*EXERCISE REQUIREMENTS*
Could you set down all of the data again, exactly as it stands?

-- Opening Marker --

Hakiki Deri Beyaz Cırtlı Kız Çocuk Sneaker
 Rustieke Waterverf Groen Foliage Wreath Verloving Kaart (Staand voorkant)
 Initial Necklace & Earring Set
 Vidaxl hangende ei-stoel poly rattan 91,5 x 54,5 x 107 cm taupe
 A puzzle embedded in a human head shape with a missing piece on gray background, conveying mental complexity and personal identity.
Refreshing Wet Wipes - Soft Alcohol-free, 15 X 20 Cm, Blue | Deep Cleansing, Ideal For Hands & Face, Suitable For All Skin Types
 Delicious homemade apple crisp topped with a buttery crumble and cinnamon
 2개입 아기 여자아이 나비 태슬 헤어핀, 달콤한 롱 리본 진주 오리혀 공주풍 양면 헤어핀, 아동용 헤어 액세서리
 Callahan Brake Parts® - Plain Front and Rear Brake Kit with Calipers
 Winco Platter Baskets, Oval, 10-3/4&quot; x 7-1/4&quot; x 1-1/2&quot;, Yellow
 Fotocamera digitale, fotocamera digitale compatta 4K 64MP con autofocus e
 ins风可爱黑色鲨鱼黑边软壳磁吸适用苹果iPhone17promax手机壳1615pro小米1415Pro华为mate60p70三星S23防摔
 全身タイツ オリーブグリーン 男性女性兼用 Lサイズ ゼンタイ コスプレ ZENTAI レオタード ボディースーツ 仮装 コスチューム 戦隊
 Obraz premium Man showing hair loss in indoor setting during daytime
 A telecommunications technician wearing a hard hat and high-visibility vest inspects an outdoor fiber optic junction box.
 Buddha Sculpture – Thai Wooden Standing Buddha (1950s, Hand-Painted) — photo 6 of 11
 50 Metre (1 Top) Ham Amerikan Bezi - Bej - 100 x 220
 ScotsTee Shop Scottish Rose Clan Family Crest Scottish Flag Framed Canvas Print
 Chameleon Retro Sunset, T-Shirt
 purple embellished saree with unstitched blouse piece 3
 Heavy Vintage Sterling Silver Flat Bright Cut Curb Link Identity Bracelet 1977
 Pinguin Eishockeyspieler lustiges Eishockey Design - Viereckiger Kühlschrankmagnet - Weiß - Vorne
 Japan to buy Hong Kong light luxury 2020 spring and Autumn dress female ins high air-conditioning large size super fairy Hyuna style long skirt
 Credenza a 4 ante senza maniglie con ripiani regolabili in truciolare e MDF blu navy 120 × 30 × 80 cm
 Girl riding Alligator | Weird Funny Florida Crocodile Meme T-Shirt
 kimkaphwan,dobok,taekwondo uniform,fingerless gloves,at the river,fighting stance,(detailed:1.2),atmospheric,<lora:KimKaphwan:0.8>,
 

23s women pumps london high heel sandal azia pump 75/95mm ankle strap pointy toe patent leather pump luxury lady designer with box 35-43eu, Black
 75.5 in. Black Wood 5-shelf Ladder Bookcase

-- Closing Marker --

*YOUR RESPONSE*
Hakiki Deri Beyaz Cırtlı Kız Çocuk Sneaker
 Rustieke Waterverf Groen Foliage Wreath Verloving Kaart (Staand voorkant)
 Initial Necklace & Earring Set
 Vidaxl hangende ei-stoel poly rattan 91,5 x 54,5 x 107 cm taupe
 A puzzle embedded in a human head shape with a missing piece on gray background, conveying mental complexity and personal identity.
Refreshing Wet Wipes - Soft Alcohol-free, 15 X 20 Cm, Blue | Deep Cleansing, Ideal For Hands & Face, Suitable For All Skin Types
 Delicious homemade apple crisp topped with a buttery crumble and cinnamon
 2개입 아기 여자아이 나비 태슬 헤어핀, 달콤한 롱 리본 진주 오리혀 공주풍 양면 헤어핀, 아동용 헤어 액세서리
 Callahan Brake Parts® - Plain Front and Rear Brake Kit with Calipers
 Winco Platter Baskets, Oval, 10-3/4&quot; x 7-1/4&quot; x 1-1/2&quot;, Yellow
 Fotocamera digitale, fotocamera digitale compatta 4K 64MP con autofocus e
 ins风可爱黑色鲨鱼黑边软壳磁吸适用苹果iPhone17promax手机壳1615pro小米1415Pro华为mate60p70三星S23防摔
 全身タイツ オリーブグリーン 男性女性兼用 Lサイズ ゼンタイ コスプレ ZENTAI レオタード ボディースーツ 仮装 コスチューム 戦隊
 Obraz premium Man showing hair loss in indoor setting during daytime
 A telecommunications technician wearing a hard hat and high-visibility vest inspects an outdoor fiber optic junction box.
 Buddha Sculpture – Thai Wooden Standing Buddha (1950s, Hand-Painted) — photo 6 of 11
 50 Metre (1 Top) Ham Amerikan Bezi - Bej - 100 x 220
 ScotsTee Shop Scottish Rose Clan Family Crest Scottish Flag Framed Canvas Print
 Chameleon Retro Sunset, T-Shirt
 purple embellished saree with unstitched blouse piece 3
 Heavy Vintage Sterling Silver Flat Bright Cut Curb Link Identity Bracelet 1977
 Pinguin Eishockeyspieler lustiges Eishockey Design - Viereckiger Kühlschrankmagnet - Weiß - Vorne
 Japan to buy Hong Kong light luxury 2020 spring and Autumn dress female ins high air-conditioning large size super fairy Hyuna style long skirt
 Credenza a 4 ante senza maniglie con ripiani regolabili in truciolare e MDF blu navy 120 × 30 × 80 cm
 Girl riding Alligator | Weird Funny Florida Crocodile Meme T-Shirt
 kimkaphwan,dobok,taekwondo uniform,fingerless gloves,at the river,fighting stance,(detailed:1.2),atmospheric,<lora:KimKaphwan:0.8>,
 

23s women pumps london high heel sandal azia pump 75/95mm ankle strap pointy toe patent leather pump luxury lady designer with box 35-43eu, Black
 75.5 in. Black Wood 5-shelf Ladder Bookcase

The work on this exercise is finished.